Deux heures donc pour mettre en œuvre dans chaque établissement une organisation nouvelle. En attendant, vendredi 30 octobre, les équipes joignent les parents d’élèves pour prévenir de l’ouverture exceptionnelle de l’établissement scolaire à 10h lundi. Les équipes se mettent en lien avec les mairies pour organiser l’accueil périscolaire, la pause méridienne. Et accessoirement, les enseignants reprennent les préparations de leurs cours, en enlevant les projets liés aux sorties sportives, aux cinémas, aux lieux d’expositions temporaire ou encore aux médiathèques.

Finalement, non, un hommage mais pas comme on avait dit

Après cette longue journée de vendredi, jour de congé, mais cela est anecdotique, le ministre écrit aux personnels et prévient les médias (à peu près au même moment, il y a du mieux). Blanquer, donc, se fend d’un gentil message pour nous annoncer que finalement non, il n’y aura pas vraiment d’hommage, que c’est trop compliqué, puis qu’avec le protocole sanitaire, ce n’est pas aisé, donc, bah, on se contentera de la lecture offerte d’une lettre de Jean Jaurès (incompréhensible pour des élèves de moins de 11 ans, soyons clair), d’une minute de silence en classe, et puis on remet les horaires habituels de rentrée, 8h30 quoi.

En conlusion de ce message, je comprends qu’on nous impose une minute de silence, mais qu’on nous ôte le temps nécessaire à la concertation pour savoir comment la présenter aux élèves. Par contre, le ministre souligne :

La minute de silence de lundi doit être respectée. Tout problème en la matière est à signaler à la cellule « Valeurs de la République » du rectorat.

Voilà, vendredi soir, 19h… Il faut prévenir les familles que finalement c’est tout bon pour 8h30, on ne change rien, c’était pour rire. Mais on signera quand même les attestations, et oui, ils peuvent tous venir à la même heure, puisque le protocole, nous avons finalement une semaine pour le mettre en place. Et que, oui, on fera une minute de silence, sauf peut-être pour la classe qui sera à la piscine à 11h.

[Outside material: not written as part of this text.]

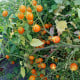 Rajče keříčkové Microberry - Solanum lycopersicum - osivo rajčat - 6 ks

Le mépris institutionnalisé

Blanquer se permet dans son message de nous rappeler sa vision de l’école, propos qui entrent en dissonnance avec ses actes.

Face aux épreuves, de quelque nature que ce soit, l’École a toujours su réagir avec les mêmes qualités : l’unité, le savoir, l’esprit critique, le respect d’autrui et la fidélité aux valeurs de liberté, d’égalité, de fraternité et de laïcité. Chaque jour, vous incarnez, faites vivre et transmettez ces valeurs. La Nation vous en est infiniment reconnaissante.

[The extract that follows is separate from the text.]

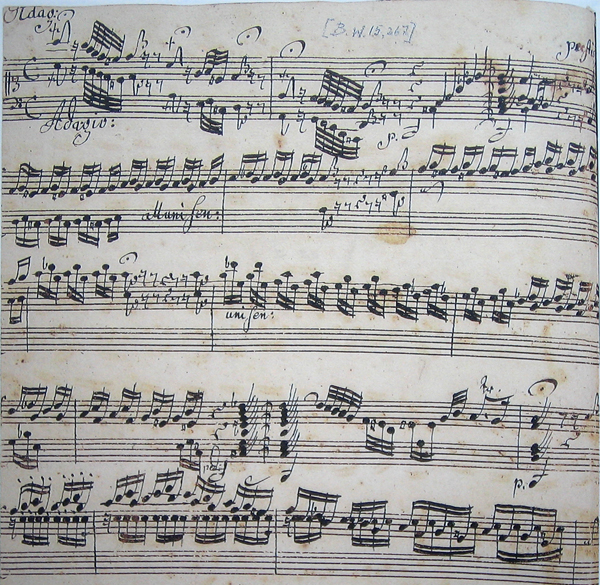 Toccata and Fugue In D Minor cover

Cette outrecuidance ministérielle consistant à faire la pluie et le beau temps envers ses agents, ce mépris du travail effectué, cette négation de l’expertise des gens de terrain, tout ceci me dégoûte.

Mais ce qui est pire, finalement, c’est qu’après avoir considéré que la mort de Christine Renon ne méritait aucune reconnaissance, alors même qu’elle a été assassinée par la bêtise crasse de l’institution, monsieur Blanquer sera sans doute responsable d’autres morts au travail. Car des journées comme celle-ci ne sont pas inédites. On commence à s’habituer. Jusqu’à la rupture.